Thanks for your response, Conjurer.
I should probably have been more specific in my initial post, in that I'm using Excel 365 under Windows 10, so am using the Office 2010 Custom UI (although I'm not sure if that makes a difference - but the structure of your list looks more like the items on the old menu bar rather than the ribbon).
I'm not sure how to use a code such as 30010 in place of a word in the Tab line of the UI Editor. I'm currently using <tab id="StellarTab" label="Stellar" insertAfterMso="TabDeveloper"> but would prefer something that translates to <insertBeforeMso="TabHelp"> in order to insert the tab specifically before Help rather than after Developer. This is because the Stellar tab is in an .xlam loaded from the XLStart folder, but I also have a couple of other files that load their own tabs, which I would like to position between the Stellar tab and Help.
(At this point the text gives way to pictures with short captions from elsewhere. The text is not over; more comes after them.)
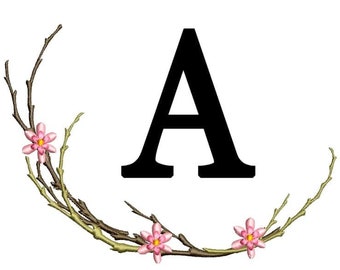 Cherry Blossom Branch Embroidery Design, Floral Wreath Embroidery Machine File, Minimalist Flower Frame
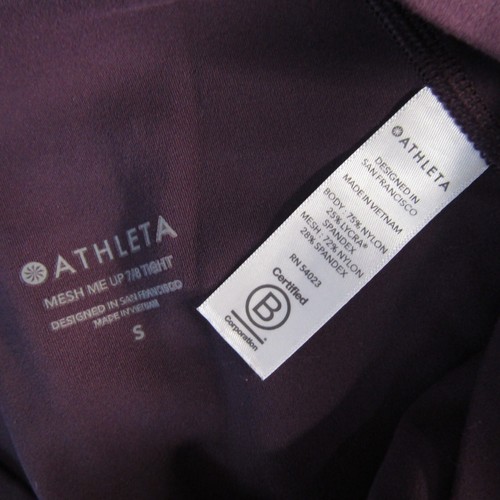 Athleta Mesh Me Up Leggings Women's Size S Purple Small Athletic Yoga Pants - Picture 8 of 8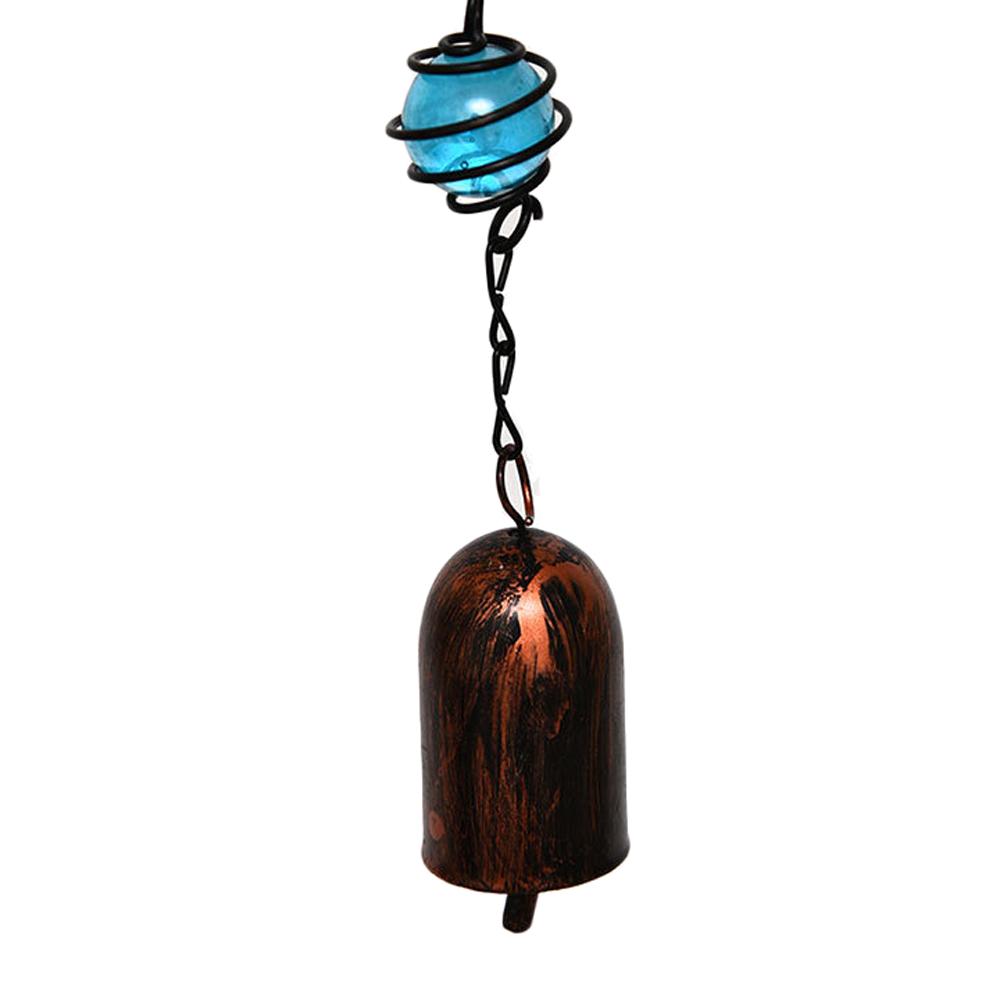 Rustic Bird Wind Chime Iron Wall Decor Metal Glass Painted Bell Hanging Ornament 37x20cm
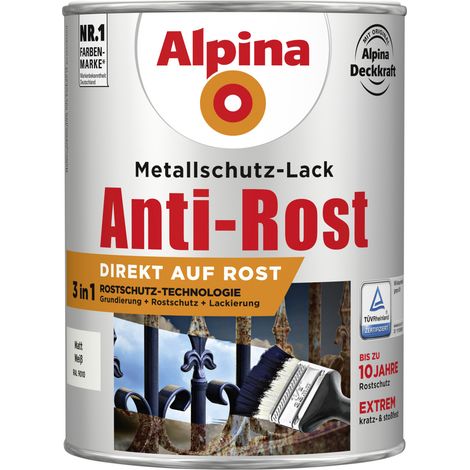 Alpina Metallschutz-Lack Anti-Rost 2,5 l weiß matt Metallack Schutzlack (1/3)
Sadly, "TabHelp" achieves nothing.
The problem is that the Stellar tab loads first, then the tab for the next file I open is positioned after the Developer tab but before the Stellar tab. My only other option is to place it right at the end of the toolbar, but I'd really prefer Help to be at the end in all instances. I've tried playing with the idQ option to specify the Stellar tab, but with even less success as there seems to be an even bigger gap in the available information!
I realise words such as TabDeveloper are probably constants representing numbers, but don't know how to tell the UI editor that I'm substituting "TabDeveloper" with the value 30010 for Help. If I enclose the number within inverted commas it doesn't work, which is what I would expect. But if I omit the inverted commas, the label "insertAfterMSO" turns from red to blue, and the custom ribbon tab isn't recognised at all. Both options fail the Validator.
So the simplest solution would be if I could find a reference that tells me what the correct word is for the Help tab, as TabDeveloper is for the Developer tab. Failing that, how to substitute a value in place of a constant.